The minister’s daughter did not prepare to smoke her first cigarette alone. Her partner was a sister from a different home – a house that was not of the same purified air as her own, and a house that provided the two girls with the easy access to tobacco. The girls’ draw to smoking did not come from the magazine advertisement that declared their Newport cigarettes to be, "Alive with Pleasure!" The two girls were from different upbringings, but the lure to their first cigarette was drawn from a common curiosity and desire to fill a void. They were too young to recognize or give the void a name, but the void was their struggle to break free from the limitless trappings of their small New England town. Smoking their first cigarette, together, was their joint declaration of independence.
They selected the backside of the Congregational Church as their hiding place because of its familiarity and relative seclusion, but more importantly, because it was also their designated bus stop.

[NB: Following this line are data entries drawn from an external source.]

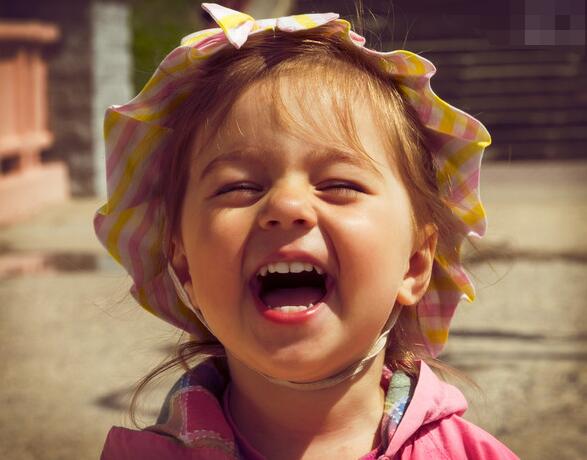 孩子觉得父母穷怎么开导,孩子发现父母很穷怎么教育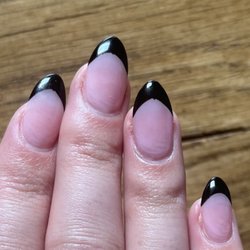 T & T Nails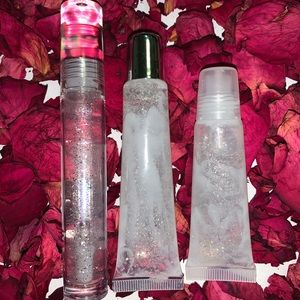 Luna is our Holographic glitter gloss.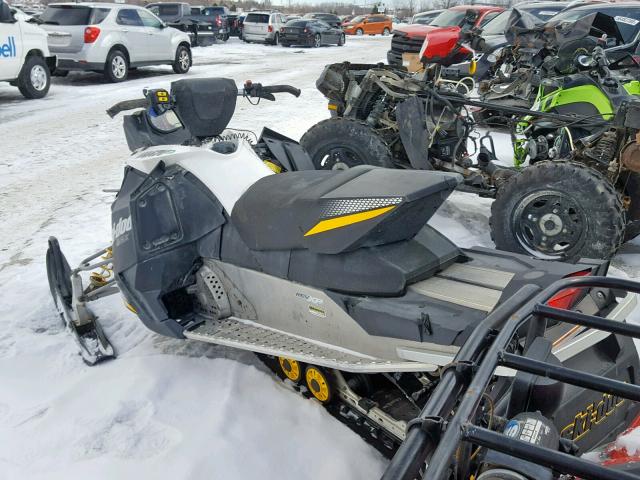 2BPSDDCA0CV000302 - 2012 BOMBARDIER SKIDOO WHITE photo 3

They slipped the contraband in its place on the very last day of school vacation, on an afternoon where the strength and comfort of the summer sun was tempered by the feeling that everything would be different when they woke up in the morning. Their vacation was in the books and new corridors with the boys and bigger spaces and places were waiting for them. The two girls were ready to make their way towards something new. The minister’s daughter and her best friend were ready to seek the independence they sought.

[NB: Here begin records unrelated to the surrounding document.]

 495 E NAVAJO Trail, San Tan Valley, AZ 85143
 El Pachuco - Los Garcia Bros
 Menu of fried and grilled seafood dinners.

On a Tuesday morning in September, 1979, in the dawn’s early light, while parents and passers-by were consumed with getting their daily act together, the two teens met at their bus stop. They huddled together and reached into the evergreen shrub on the back side of the church. Then the teenage minister’s daughter and her best friend each pulled a cigarette out of the bread bag, cupped a hand around an open flame...and lit it up.
As they drew in their breath, the tip of the cigarette glowed a pulsating orange in the dullness of the morning gray, and as they transferred the energy of the burn into their lungs the cigarette’s glow faded into layers of dead ash. After a pause and an awkward suppressed cough, they exhaled the chemical residue into the morning air. Exchanging a silent glance, the minister’s daughter and her best friend absorbed both the satisfaction and the toxins of their independence.